In the first quarter 2006, the Company completed an initial public offering (“IPO”) of 17.25% of Hortons for $716.9 million, net of issuance costs. Hortons also entered into a senior bank facility and a bridge loan facility whereby Hortons borrowed $500 million in Canadian dollars in the first quarter 2006. In May 2006, Hortons repaid $200 million of its first quarter 2006 Canadian dollar borrowings.

Average same-store sales results as a percentage change for the quarter and year-to-date periods 2006 versus prior year are listed in the table below and show average same-store sales improved in the second quarter and year-to-date 2006 at Hortons’ restaurants, but declined at Baja Fresh. Wendy’s average same-store sales improved in the second quarter, but were lower year-to-date. Average same-store sales is a key indicator of the profitability of the Company’s brands. Franchisee operations are not included in the Company’s financial statements; however, franchisee sales result in royalties and rental income which are included in the Company’s franchise revenues.

 

     Quarter Ended     Year-to-Date Ended  
     July 2, 2006     July 3, 2005     July 2, 2006     July 3, 2005  

Wendy’s U.S. Company

   0.7 %   (4.6 )%   (2.0 )%   (3.4 )%

Wendy’s U.S. Franchise

   1.0 %   (3.9 )%   (2.0 )%   (2.5 )%

Hortons - Canada(1)

   6.1 %   5.6 %   7.3 %   5.7 %

Hortons - U.S.(1)

   8.4 %   9.1 %   9.1 %   8.4 %

Baja Fresh U.S.(1)

   (5.5 )%   (1.7 )%   (4.6 )%   (3.8 )%

 

(1) Amounts include both company operated and franchised restaurants.

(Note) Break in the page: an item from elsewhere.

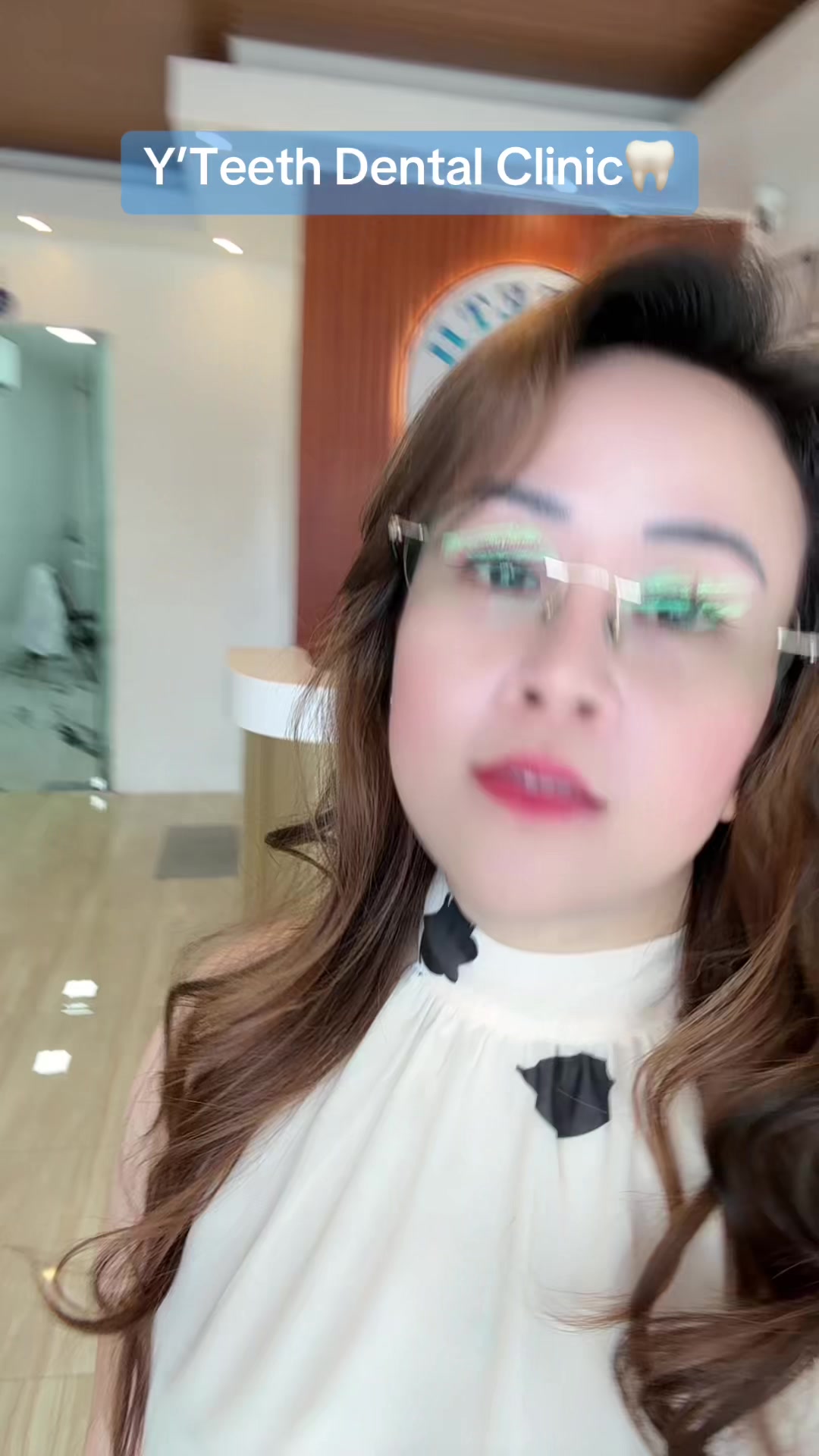 @DR. ANN 👩🏻⚕️🦷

The increase in the Company’s revenues includes continued growth in the number of franchisee and company operated restaurants. Total franchisee and company operated restaurants increased 1.8% from the end of the second quarter 2005.

 

20


Table of Contents

The increase in the number of restaurants primarily relates to Wendy’s domestic and Hortons’ operations. A summary of systemwide restaurants by brand is included on page 38.

OPERATING (LOSS) INCOME

Reportable segment operating (loss) income (see chart on page 22) for the Company decreased $39.7 million compared to the second quarter of 2005 and decreased $59.5 million compared to the prior year-to-date. The decrease in both the quarter and year-to-date was primarily the result of the Baja Fresh fixed asset impairment charges of $49.8 million. The decline in total operating (loss) income for the Company (equal to income/(loss), before income taxes and interest—see chart on page 22) for the quarter and year-to-date compared to 2005 also reflects Baja Fresh goodwill and trade name impairment charges and costs incurred in connection with the Company’s restructuring initiatives.

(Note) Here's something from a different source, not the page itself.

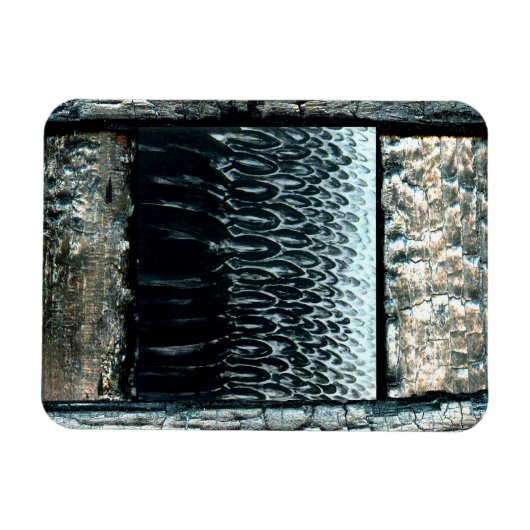 Magnet Flexible Judgment (Horizontal)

Wendy’s segment operating income declined $6.2 million dollars in the quarter, or 10.8%, and declined $38.4 million year-to-date, or 37.9%. The primary factor driving the decrease in the quarter and year-to-date was a $10.0 million incremental contribution to Wendy’s National Advertising Program (“WNAP”) in the quarter and $25.0 million year-to-date. The quarter included positive average same-store sales and lower cost of sales as a percent of revenues, while the year-to-date included the impact of lower average same-store sales.

Segment operating income at Hortons was $93.5 million dollars in the quarter, compared to $76.6 million a year ago, and operating margins were 25.9% compared to 27.2% last year. The dollar increase in both the quarter and year-to-date primarily resulted from very strong same-store sales, the impact from favorable currency and new restaurant development. The margin decrease relates primarily to incremental administrative expenses at Hortons, as it prepares to become a stand-alone public company, as well as incremental costs for a new distribution center, which have not yet been offset by the full amount of revenues that will come from that facility.

Higher corporate costs include the costs incurred in connection with the Company’s restructuring initiatives of $27.3 million in the quarter and $29.0 million year-to-date. Corporate costs also include $1.7 million and $1.4 million for the quarter and year-to-date, respectively, in incremental employee stock compensation expense, primarily reflecting the acceleration of restricted stock unit awards for Hortons employees leading up to the planned spin-off of Hortons (in accordance with Statement of Financial Accounting Standards (“SFAS”) No. 123R “Share-Based Payment”).

The increased segment operating loss for Developing Brands for both the quarter and year-to-date primarily reflects $49.8 million of fixed asset impairment charges.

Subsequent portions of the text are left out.